Grief isn’t pleasant, it’s not here, suck it up, move on, don’t feel, my pain is worse, your pain is nothing, don’t be weak…as a result, the pain prolonged and I also felt ashamed.
I don’t think the intention was to minimize or dismiss my pain, but because many of us are not equipped on how to sit in compassion with suffering, we have a tendency to want to brush it off or just rush through it. The body and mind know…and they will not be rushed.
To add to this, rushing through my grief as a deeply empathic and sensitive person; I can’t actually do that. Telling me not to feel deeply is like saying, “Aoife, don’t have curly hair. It’s inconvenient”. Well, tell that to the curls on the side of my head that refuse to straighten. Not going to happen!
The best (first) advice on coping with grief and loss
I was given a piece of wonderful advice by a kind understanding soul who just got it.
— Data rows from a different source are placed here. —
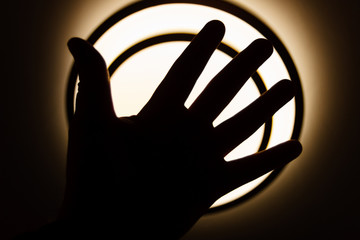 Shadow theatre. Human palm opposite the light of an electric lamp. Theme of childhood and fairy tale in night.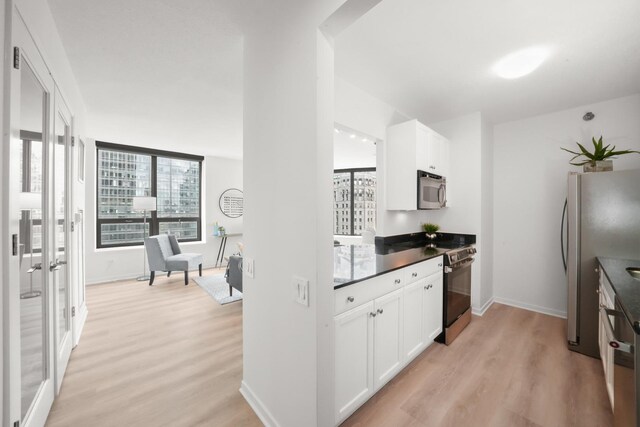 400 N Lasalle Dr Unit 2007, Chicago, IL 60654 - kitchen featuring appliances with stainless steel finishes, light wood-type flooring, white cabinetry, and dark countertops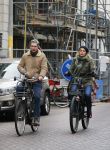 Amsterdam 13 februari 2016
Bridget Maaland met haar nieuwe vriend Wim ( cameraman) op de fiets in Amsterdam zuid.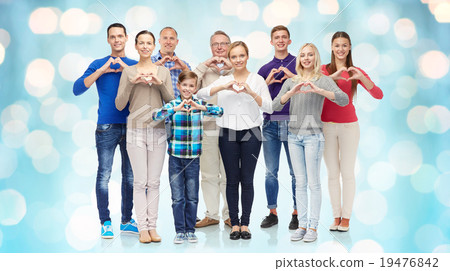 group of smiling people showing heart hand sign 19476842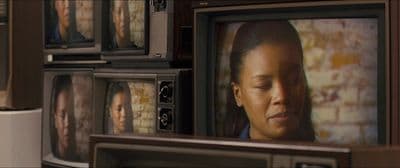 a wall of televisions with a woman's face on them
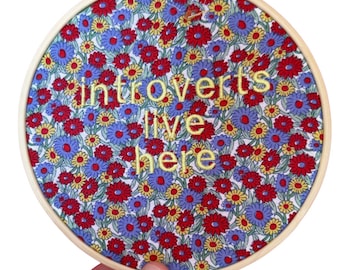 Puede incluir: Un bastidor de bordado redondo con un diseño de tela floral con flores rojas, azules y amarillas. El texto "introverts live here" está bordado con hilo amarillo. El bastidor es sostenido por una mano.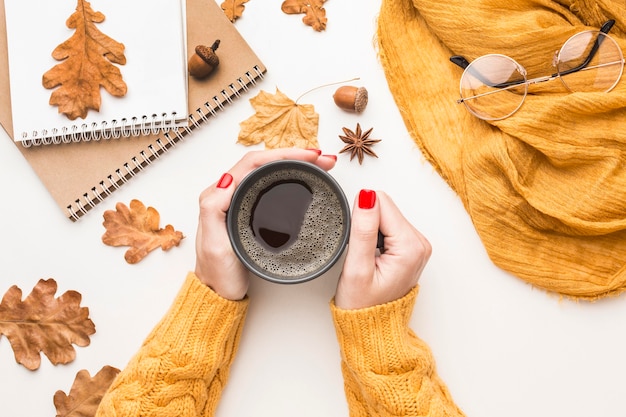 Photo mise à plat de personne tenant une tasse de café avec des feuilles d'automne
Years my senior, we had met for lunch, and she was worried, but moreover, had experienced the deep physical pain in grief that I also had (and more things, as she had life happen to her). She had an opportunity to practice grieving in her everyday life a bit more than I had to that point. The one piece of advice that changed the course of my future in my relationship with grief (which was a very important thing for my years to come) was this:
Get out of bed everyday and take a shower.~AH
A shower? I remember thinking — huh, okay. You’ve got my attention.
Why a shower?
“A shower helps you to clear your head”, she explained. “Then you can go outside in the fresh air. Take even a small walk and it will help you clear your head. Things will feel a bit easier.”
So for the next 3 months, I did just that. I got out of bed, took a shower and left the house. It helped that I had responsibilities, but on the days I didn’t and could stay in, I just stayed with that little ritual. It did help. It didn’t remove my pain. I didn’t feel less heavy, but the heaviness eased. It allowed my rational brain to have a focus when my emotional self was drowning.
Five years later when my mother died, guess what I started doing?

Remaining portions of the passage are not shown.